The president of El Salvador remarked, “That’s violence.”
“That’s abuse of a woman,” Trump agreed. “But we have people that fight to the death because they think men should be able to play in women’s sports.”
A decade or so ago, Bukele said, the women’s rights movement pushed to have laws on the books to prevent men from abusing women, arguing that now the “same people are trying to backtrack.”
“We’re big on protecting women,” Bukele said, noting that most of his Cabinet members present in the Oval Office with him are women, and joking, “they’re not DEI hires or anything.”

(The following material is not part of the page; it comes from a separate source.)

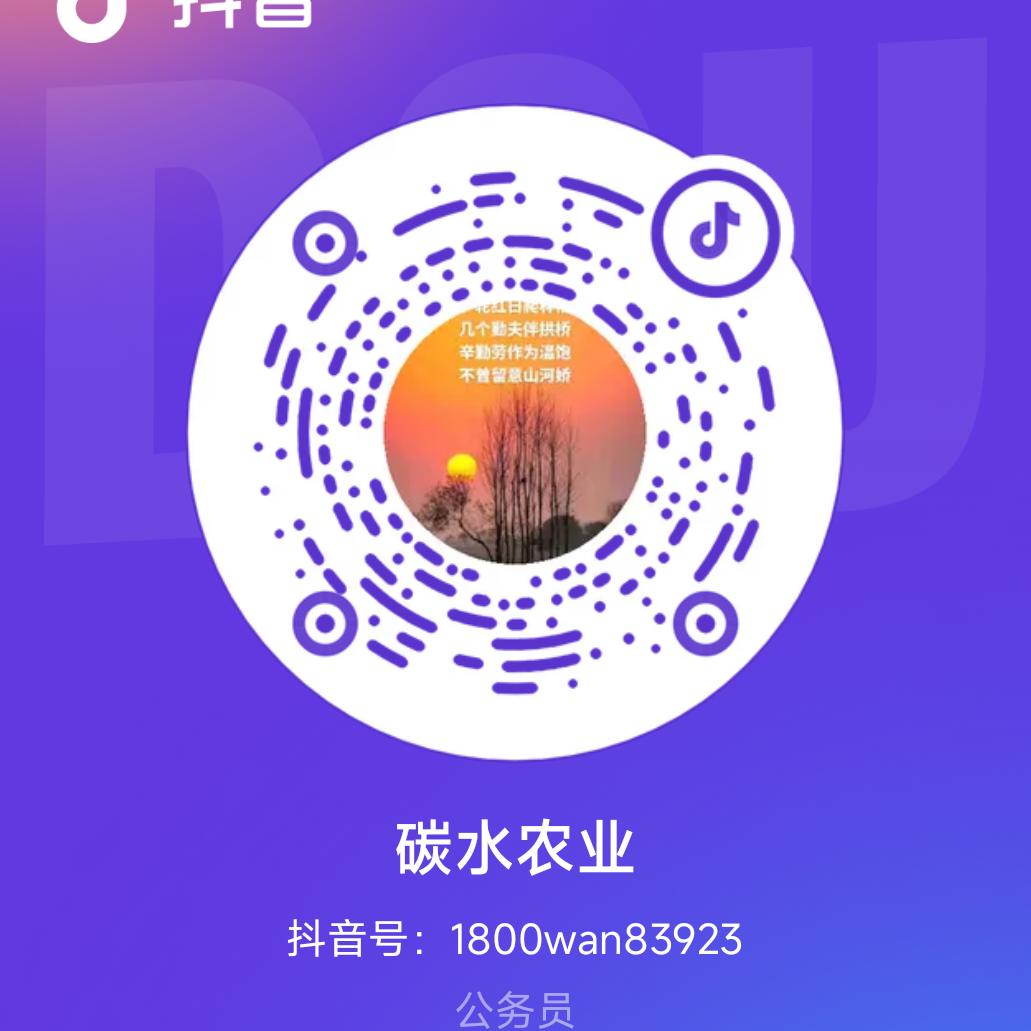 平原张大伟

Trump championed women in his own Cabinet, naming Attorney General Pam Bondi, Homeland Security Secretary Kristi Noem and White House Chief of Staff Susie Wiles.
“The most powerful woman in the world, according to magazines,” Trump said of Wiles. “I think she probably is.”
Noem, who visited the CECOT last month, thanked Bukele for his partnership, saying Trump has sent a “powerful message of consequences” to keep criminals, rapists, murderers, gang members and terrorists out of the U.S.
Trump said the Biden administration allowed people to “come freely into our country” from South America, Africa, Asia and “rough parts of Europe,” claiming many of those entering came from prisons and mental institutions, as well as gangs.
“This was allowed by a man who — what he did to our country is just unbelievable,” Trump said of former President Joe Biden. “So we’re straightening it out. We’re getting them out. But what they did and what that party did to our country, open borders, anybody could come in. As soon as I heard that, I said, ‘every prison is going to be emptied out into our country.’ That’s what happened. And we’re straightening it out.”
Asked how many illegal immigrants his administration would export to El Salvador, Trump said, “as many as we can get out of our country that were allowed in here by incompetent Joe Biden through open borders.”
Trump did not rule out exporting U.S. citizens or fully naturalized immigrants who commit violent crimes in the U.S. to El Salvador, but he did say Bondi and the Justice Department were still “studying the law” on that potential course of action.
“They’re as bad as anybody that comes in. We have bad ones, too. And I’m all for it because we can do things with the president for less money and have great security,” Trump said. “I’m talking about really bad people.”